* [Dataset content]
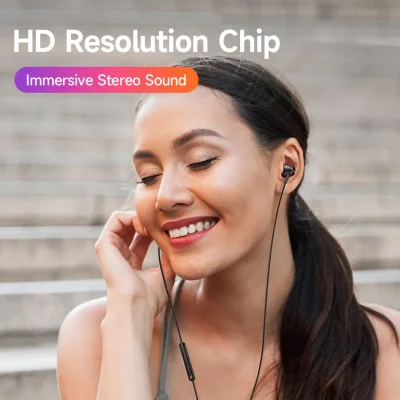 هندزفری سیمی تایپ سی مک دودو مدل Mcdodo USB-C HP-407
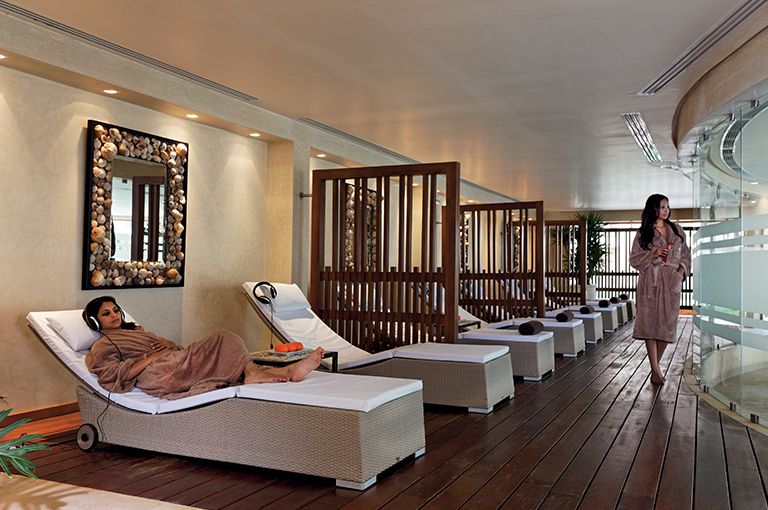 SEJOUR THALASSO CURE MARINE SPA VIP 4 JOURS/4 SOINS, MOVENPICK SOUSSE 5*, tout compris (7 nuits) pas cher photo 1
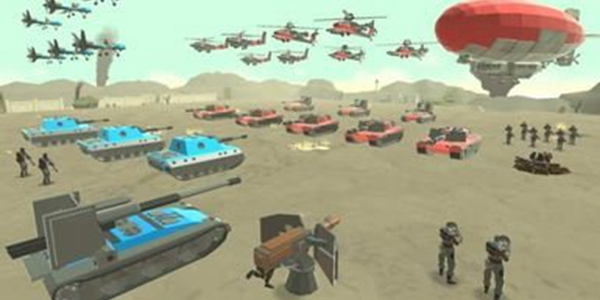 战争模拟器手游有哪些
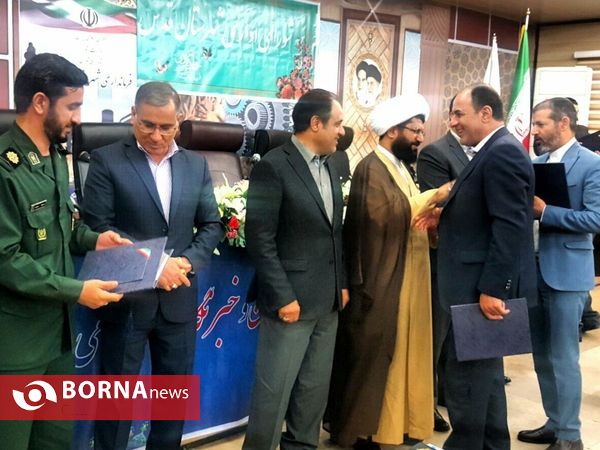 اولین جلسه شورای اداری شهرستان قدس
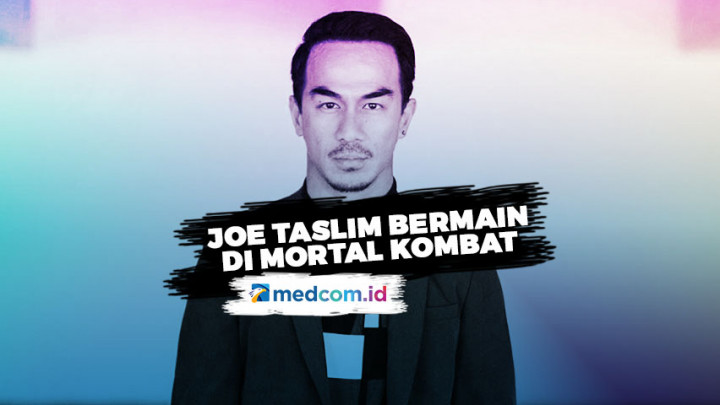 Joe Taslim Jadi Aktor Pertama yang Diumumkan Bermain di Mortal Kombat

* [Task statement]
After removing the pictures, transcribe the listing above exactly.

* [Answer for the task]
 هندزفری سیمی تایپ سی مک دودو مدل Mcdodo USB-C HP-407
 SEJOUR THALASSO CURE MARINE SPA VIP 4 JOURS/4 SOINS, MOVENPICK SOUSSE 5*, tout compris (7 nuits) pas cher photo 1
 战争模拟器手游有哪些
 اولین جلسه شورای اداری شهرستان قدس
 Joe Taslim Jadi Aktor Pertama yang Diumumkan Bermain di Mortal Kombat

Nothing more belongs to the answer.